Comment le design est-il pensé pour parler à toutes ces communautés ?
En replongeant dans notre patrimoine. Les talents qui se sont succédé à la direction artistique puisent toujours au sein de nos archives et apportent une touche supplémentaire pour continuer à innover et à faire évoluer la marque. Ensuite, les communautés de clients nous font découvrir aussi des aspérités de la marque. Certaines s’en sont emparées pour créer une silhouette qui a ensuite inspiré d’autres évolutions du style, toujours dans un mix entre sport et fashion.

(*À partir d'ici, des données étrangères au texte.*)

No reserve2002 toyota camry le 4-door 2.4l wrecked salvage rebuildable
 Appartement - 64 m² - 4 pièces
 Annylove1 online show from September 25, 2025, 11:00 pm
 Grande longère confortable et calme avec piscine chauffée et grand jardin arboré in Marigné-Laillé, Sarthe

Quand René Lacoste a arraché en 1926 ses manches de chemise pour créer le polo, c'était un geste très libérateur. Et je veux absolument que nous conservions ce carrefour des styles. Les vêtements que nous développons reflètent toujours notre savoir-faire unique et français. On peut tout à fait porter un col en V avec un pantalon de survêtement : l'élégance décontractée est intrinsèque à la marque, à l'image de notre époque.
Quel est le secret pour séduire les différentes générations ?
Lacoste est la marque intergénérationnelle par excellence. C’était l’objet de notre campagne récente avec notamment le visuel d’un jeune homme et d’une dame qui l’est moins, tous deux portant un polo rose. Les campagnes que nous développons peuvent parfois être tournées vers un côté plus pop, toucher un public plus jeune, mais l’essence de la marque est toujours là, celle qui fait que tout le monde s’y reconnait. Par ailleurs, nous avons chaque année un baromètre qui mesure comment la marque évolue en fonction des tranches d’âge. Il est intéressant et rassurant de constater que nous réussissons à conserver notre clientèle historique et, en même temps, à recruter de nouvelles générations.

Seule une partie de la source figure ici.